There may be oil near Gatwick, but don’t buy your stetsons yet

This article is more than 9 years old

UK Oil and Gas’s find may turn out to be a large one. But the environmental and political opposition to drilling in leafy Sussex will be strong

Dallas has come to the Sussex weald. Oil workers will soon be crawling all over the Horse Hill field close to Gatwick airport after UK Oil and Gas investments announced that there were up to 100bn barrels of crude waiting to be exploited. Or perhaps not. This is oil that should, and probably will, be left in the ground.

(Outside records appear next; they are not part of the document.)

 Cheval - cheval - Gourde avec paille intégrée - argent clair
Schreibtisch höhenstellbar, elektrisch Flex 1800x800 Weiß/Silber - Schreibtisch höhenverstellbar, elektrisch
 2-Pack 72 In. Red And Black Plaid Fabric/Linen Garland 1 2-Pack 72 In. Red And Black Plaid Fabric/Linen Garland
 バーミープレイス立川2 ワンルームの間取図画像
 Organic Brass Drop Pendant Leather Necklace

Here’s why. Horse Hill could be a significant find, which UKOG says could meet between 10% and 30% of UK demand by 2030. But there is still a great deal of uncertainty about how much oil is there. It could be anywhere between 50bn barrels and 100bn barrels, which is quite a big range.

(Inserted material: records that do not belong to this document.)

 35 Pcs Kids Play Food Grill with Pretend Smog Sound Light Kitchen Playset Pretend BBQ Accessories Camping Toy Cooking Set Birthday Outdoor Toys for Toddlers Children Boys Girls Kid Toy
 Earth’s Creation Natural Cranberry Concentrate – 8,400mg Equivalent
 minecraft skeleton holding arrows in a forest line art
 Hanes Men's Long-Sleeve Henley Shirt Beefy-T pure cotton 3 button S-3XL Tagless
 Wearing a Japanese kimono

Moreover, it is unclear at what level of oil prices extraction would be commercially viable. What is certain is that there will be plenty of residents of West Sussex who will argue that it is not environmentally viable. UKOG is saying that it could get the oil out of the ground using conventional drilling techniques, which would avoid the controversy about fracking that resulted in the protests at nearby Balcombe. But UKOG would be naive if it thought it was going to drill in a leafy part of England where employment is high without a political backlash.

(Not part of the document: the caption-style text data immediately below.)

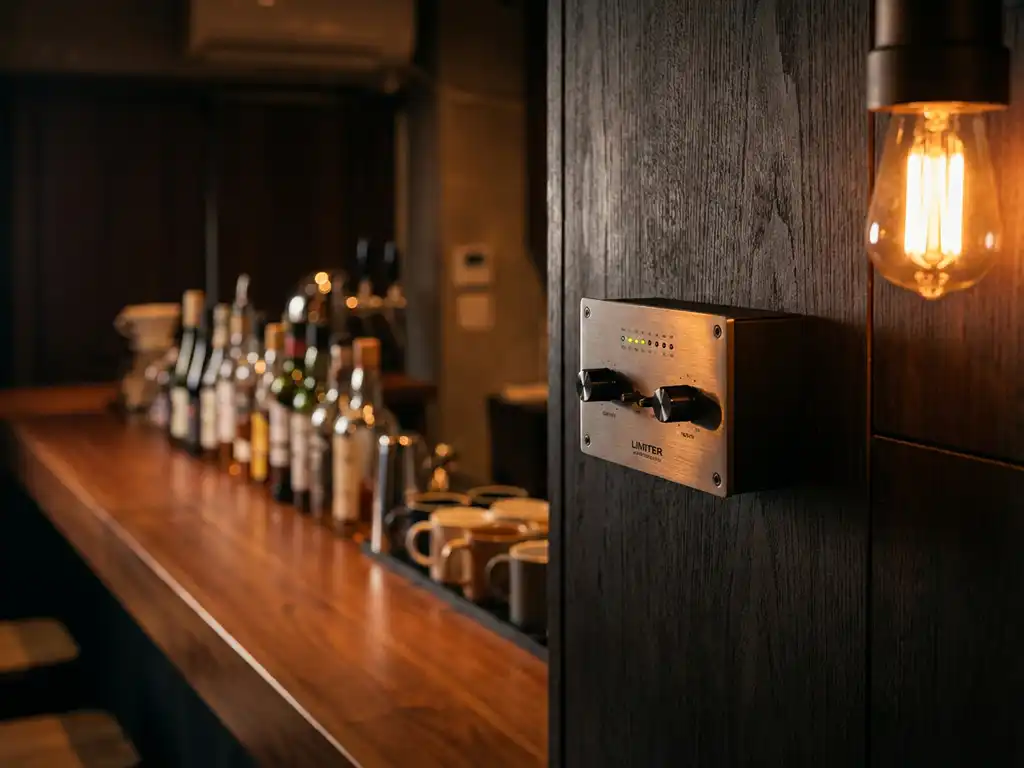 SPL-limiter op de muur van een café met warme amberverlichting, houten bar en wazige flessen op de achtergrond.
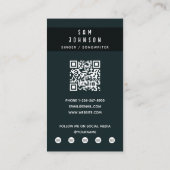 歌手ミュージシャンフォトブラック&ホワイトミュージックモダンズ 名刺 (裏面)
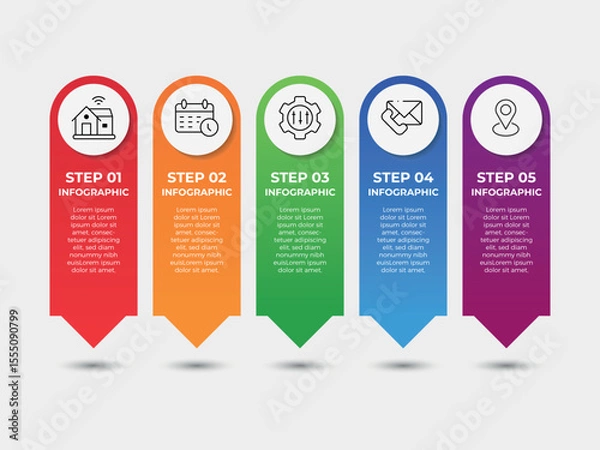 Fototapeta method infographic concept for slide presentation with creative square box and line bottom with 5 point list with flat style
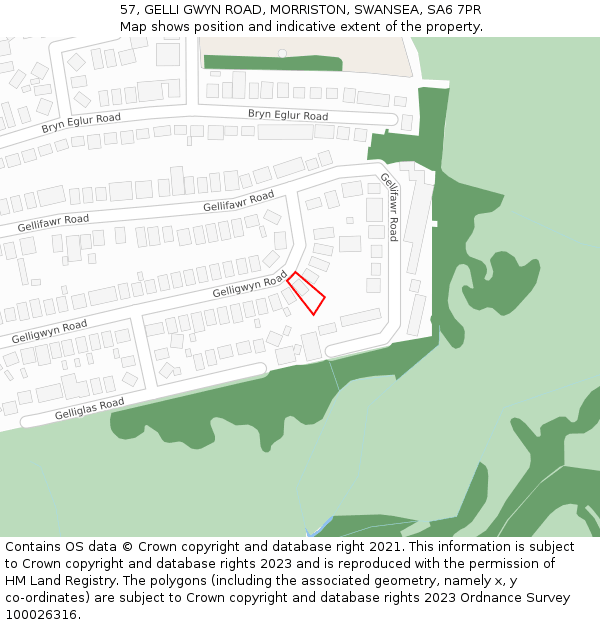 57, GELLI GWYN ROAD, MORRISTON, SWANSEA, SA6 7PR: Location map and indicative extent of plot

Protesters will argue that the need to prevent climate change requires up to 80% of fossil fuels to be left in the ground, starting with Horse Hill. Those investors who piled into UKOG shares yesterday may be right: Gatwick could soon be famous for both its airport and its oil. Just don’t bank on it.

Co-op looks up

It’s as well to remember the old adage about one swallow not making a summer when looking at the latest results from the Co-op Group. In an extremely testing environment for retailers, it was encouraging that the Co-op turned in a trading profit of £124m in 2014, compared to a £255m loss in 2013. Like-for-like sales in its food stores were up 0.4%, which sounds nugatory but was not a bad performance given the cut-throat competition in the sector.

To push on from here, the Co-op will need to differentiate itself from rivals, and the idea is to return to the Co-op’s ethical and community roots. Fine. That should start by taking up the right to appoint a director to the Co-op Bank, now controlled by a hedge fund, so they can scrutinise the pay package for chief executive Niall Booker, who could earn almost £10m over the next two years.